There are questions about the specifics and timings of emissions limits, as well as how to incentivise low carbon technologies with desirable characteristics. One option DESNZ are considering for the CM consists of 'multiples' which is similar to derating factors for different properties (like de-rating factors in reverse).

We will adapt our Capacity Market model when more information on future auction design is released, but for now we have accounted for carbon through derating factors, using the 550g/kWh limit as a starting point. We have modeled this using a CO2 emissions allowance which drops over time. Plants with emissions below this level (550g/kWh in 2024) have a carbon derating of 100% - i.e. it receives the full CM price for its technology type. Plants with emissions above 550g/kWh have a carbon derating which means they receive less than their full CM price. For instance, if emissions for a generator are halfway between the allowance and the maximum - given by double the allowance - then it will receive a carbon derating of 50%.

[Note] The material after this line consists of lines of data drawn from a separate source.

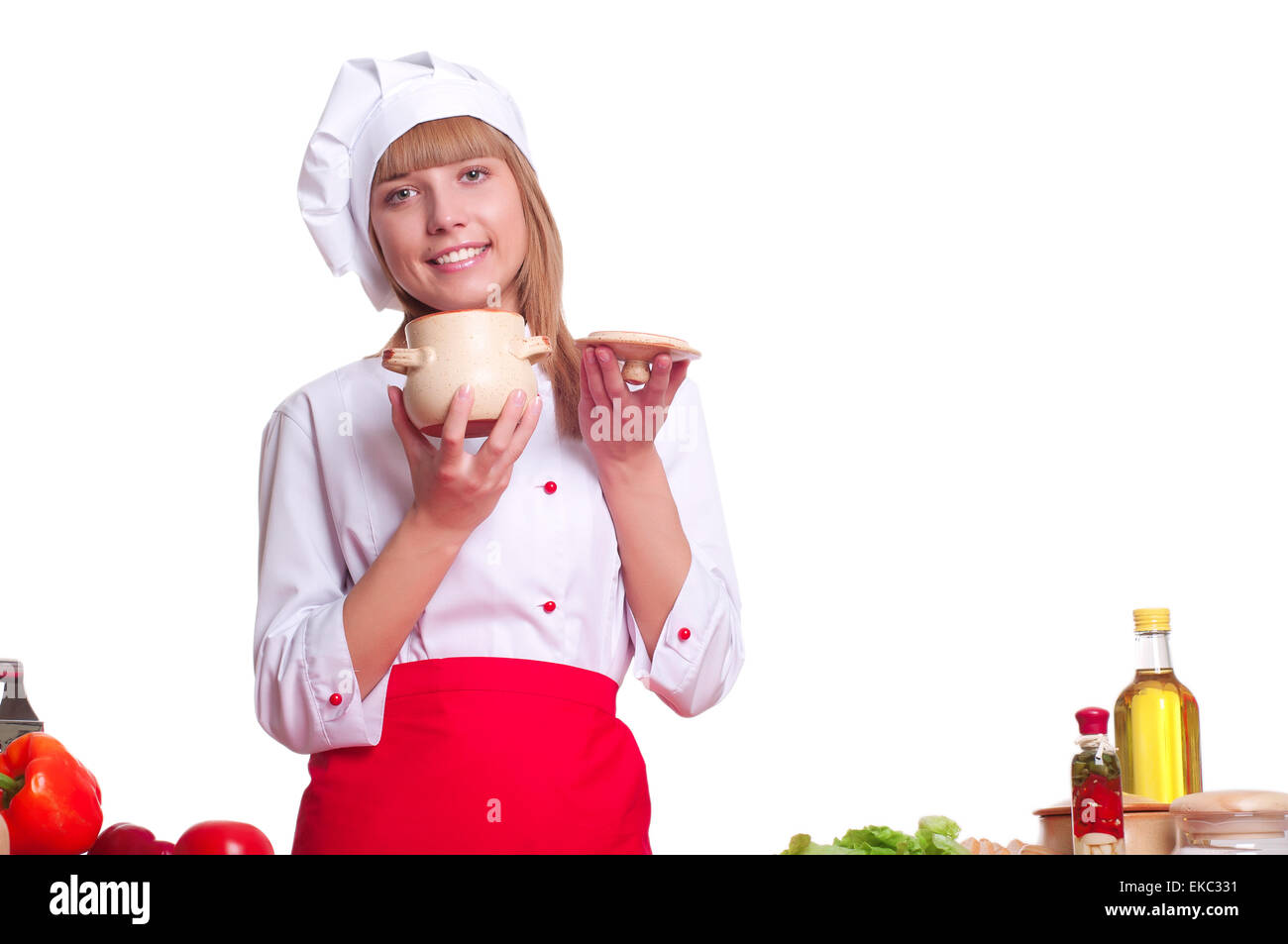 Attraente cucinare una donna su sfondo bianco Foto Stock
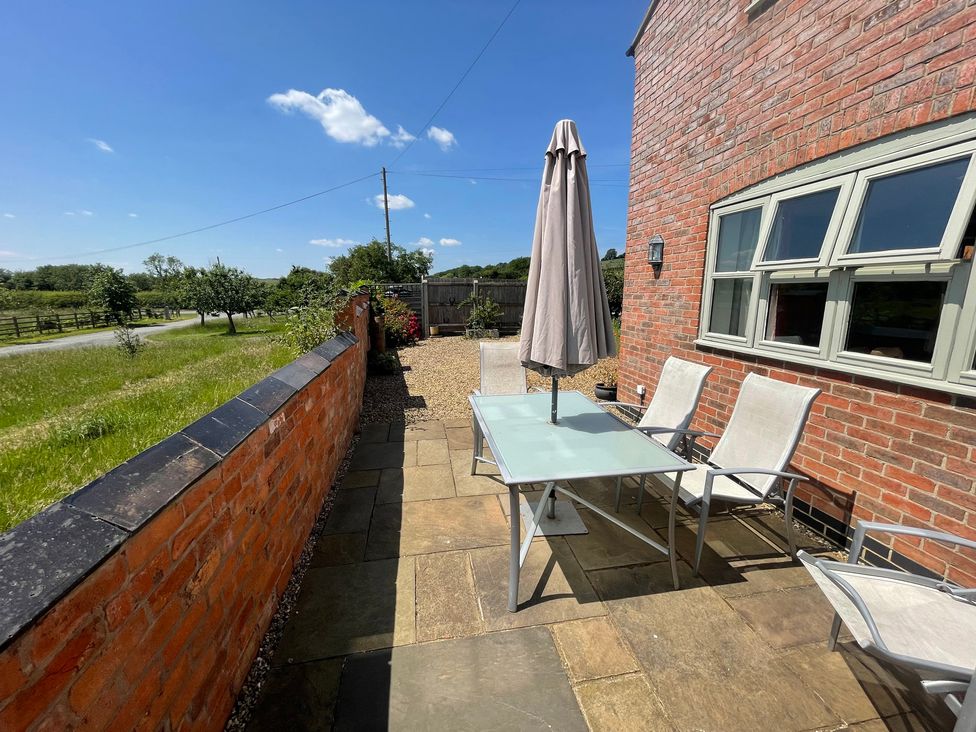 A table with chairs and a parasol at Grooms Cottage in Uppingham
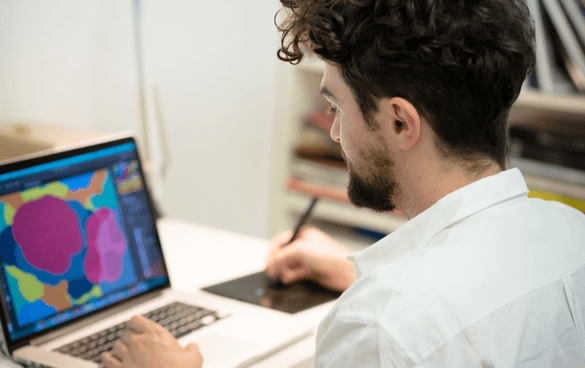 A man with curly hair working on a laptop with a colorful abstract design on the screen while using a digital pen on a graphics tablet.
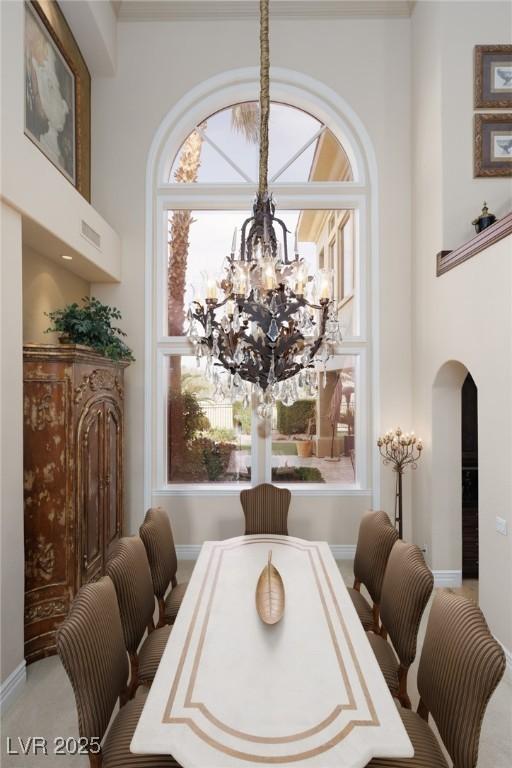 dining area featuring arched walkways, a towering ceiling, and a chandelier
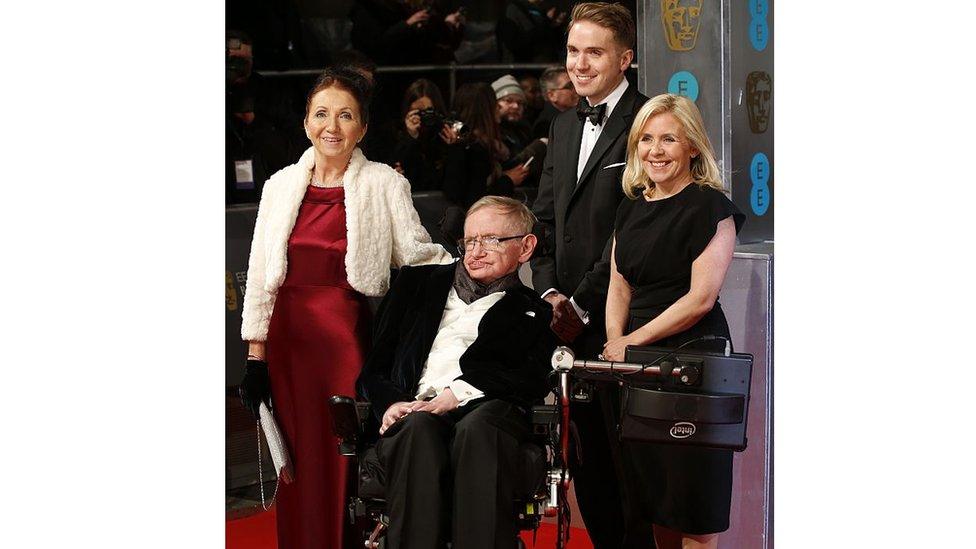 British scientist Stephen Hawking (C) arrives on the red carpet with former wife Jane Hawking (L) and daughter Lucy Hawking (R) for the BAFTA British Academy Film Awards at the Royal Opera House in London on February 8, 2015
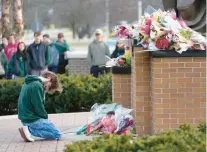  ?? PAUL SANCYA/AP ?? A student kneels in front of a makeshift memorial Tuesday on the Michigan State University campus in East Lansing.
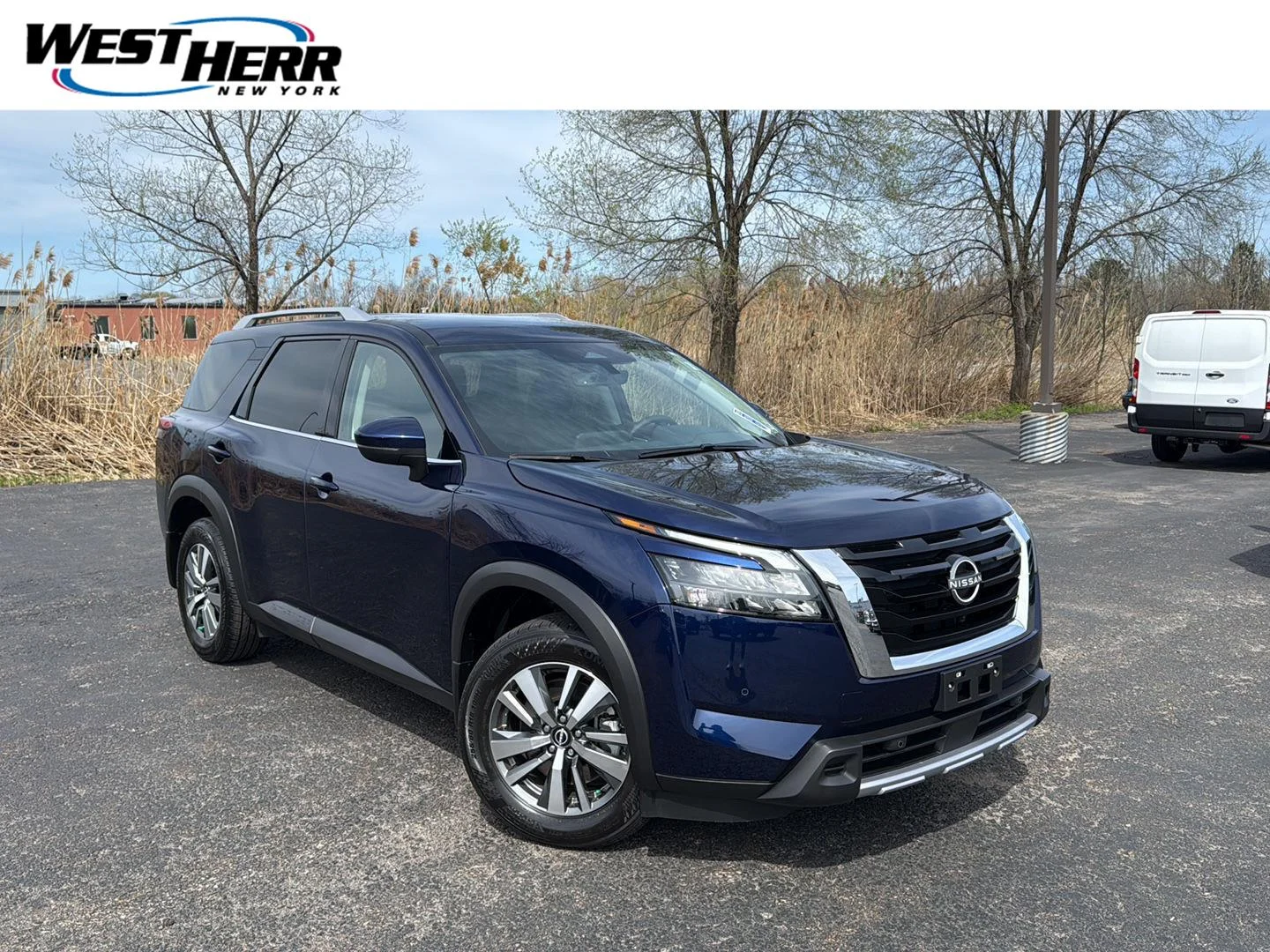 Used 2025 Deep Ocean Blue Pearl Nissan SL image 1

We have modeled this using various different rates of decrease for the carbon allowance, as well as carbon maxima that are different multiples of this allowance.

We settle on the factors shown here. If these changes occur too slowly then emissions will not be consistent with emissions targets and Net Zero goals. If these changes occur too quickly then there are concerns around security of supply, and we see the impacts of this through extremely high wholesale prices, extremely high capacity market prices to encourage greater levels of low carbon generation, as well as loss of load. We have therefore settled on yearly allowances and maxima that we believe would make sense from a policy point of view, due to their balance between incentivising low carbon generation whilst maintaining security of supply.


How do you know that the commercial model of storage, and other generator types, is viable?

We use NREL's data on CAPEX and OPEX of storage systems to calculate IRR on battery revenues within the forecast model, using the revenues we project. NREL put 2024 battery prices CAPEX at $720/kW for a 2-hour system, which drops ~$30/kW a year to 2030, when the annual decline in price slows. Using these figures, we find the 25-year IRR stable at around 10-12% for the forecast horizon. In our central scenario we have 50GW of storage by 2050, which is probably more aggressive than other providers in the market - but with the trend of falling wholesale prices and more and more intermittent generation coming online, we find the markets are deep enough to take this much short duration storage.

Looking at the sensitivity of modeled price to grid-scale battery storage, we find daily power price spreads fall <3% with each additional 10GW of storage in the model at 2040.

We also perform a similar IRR calculation for other generation types within the model (gas, nuclear, wind, biomass, solar, etc.) to ensure the commercial model of all the generator types makes sense, including any subsidy mechanism like a CfD.